At the ablation stage, the effect of the failure to take into account the item sequence turned out to be much stronger than on SASRec (On the MovieLens-1M and MovieLens-20M datasets, degradation of more than 50% is observed, while datasets containing short sequences in the metric did not drop much).

Later, an article (https://arxiv.org/pdf/2207.07483) was published, addressing some inconsistencies in the original article that other researchers found. The authors found 40 publications that compared BERT4Rec and SASRec on various metrics and datasets – SASRec won in 36% of cases, which confirms the hypothesis that BERT4Rec is not always consistently better than SASRec, and that not everyone can reproduce the results of the original article.

Four different implementations of BERT4Rec were compared: original, RecBole, BERT4Rec-VAE, and the one proposed by the authors.

Despite the fact that there is an opinion that negative sampling for calculating metrics is not the best idea, the main metrics were calculated with it – to make the research comparable with the original.

Key checkpoints from the article:

• BERT4Rec shows different results for different implementations.

• BERT4Rec is indeed the best architecture for sequence modeling, but it takes much longer to train (30x longer!).

• Other BERT-like models used in BERT4Rec are able to significantly improve the metrics.

gSASRec: Reducing Overconfidence in Sequential Recommendation Trained with Negative Sampling

https://arxiv.org/pdf/2308.07192

This paper proposes that the main reason why SASRec underperforms BERT4Rec in metrics is overconfidence, which is caused by negative sampling, where positive interactions have a larger proportion relative to negative ones, which is at odds with real life. Thus, the model is trained to distinguish good items from bad ones, while the task of sorting good items to the top is ignored. The reason for BERT4Rec's superiority is not bidirectional attention, but the rejection of negative sampling, however, this makes it impossible to apply this model to many real-world problems due to the complexity of computations, since the Softmax used by BERT4Rec requires storing N*S numbers for each sequence, where S is the number of items in the sequence, N is the number of items in the dataset. The authors also propose a new model that outperforms BERT4Rec itself – gSASRec, trained on a new Loss function – gBCE.

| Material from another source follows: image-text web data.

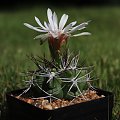 Gymnocalycium valnicekianum TOM 06-032/1, San Marcos Sierra, SA Cinipito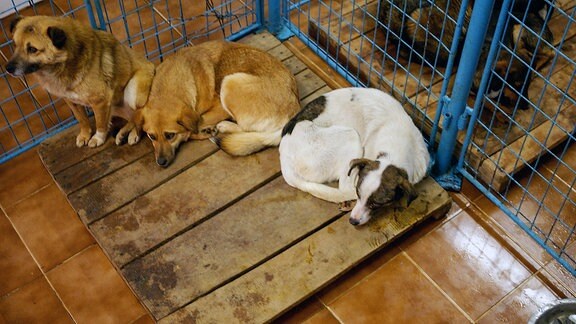 Straßenhunde in einem Heim für Straßenhunde in Bukarest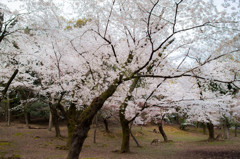 桜の森で　２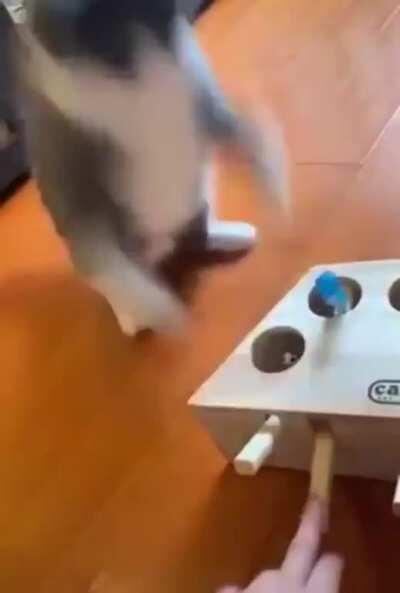 A cat playing with a scary toy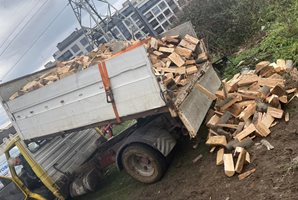 Затвориха склад за дървесина в Самоковско след проверка на агенция по горите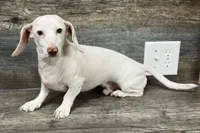 Eden, a male Miniature Dachshund for sale in Aiken, SC – 3 of 4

In general, gBCE is a generalization of BCE – it includes β, which controls the shape of the sigmoid. The article analytically shows that BCE, with a very large number of items in the dataset, equates the probabilities of top items to almost 1. Experiments have shown that with the right combination of hyperparameters k (n_negatives) and t (calibration parameter that actually determines β), SASRec achieves comparable performance with BERT4Rec and even outperforms it on some datasets. It is also noted that gBCE has a greater positive effect on SASRec than on BERT4Rec, since the former is tasked with predicting the next item during training, which is closer in spirit to Sequence Modeling than MLM. And the final advantage of gSASRec is that it trains much faster.

TRON: Scaling Session-Based Transformer Recommendations using Optimized Negative Sampling and Loss Functions

https://arxiv.org/pdf/2307.14906

Session-based recommender systems predict the next item based on the session – the sequence of items it has interacted with previously. There are several ways to select negative examples:

1. From a uniform distribution over all items

2. From the distribution obtained from the frequency of interaction of each item with each user

3. Combination of 1 and 2.

Negative examples can be sampled one at a time: for each positive interaction (elementwise), for each session (sessionwise), for each batch (batchwise). The element-wise approach suffers from the fact that it contains a special computational complexity, while other approaches are faster.

TRON uses a combination of sessionwise and batchwise approaches, while using top-k sampling. All this on top of SASRec with Sampled Softmax Loss.

Experiments were conducted on 2 variants of sampling technique combinations: uniform+sessionwise, batchwise+sessionwise, within the framework of which it was found that with a sufficiently large number of negative examples, TRON wins all other models included in the comparison in most cases.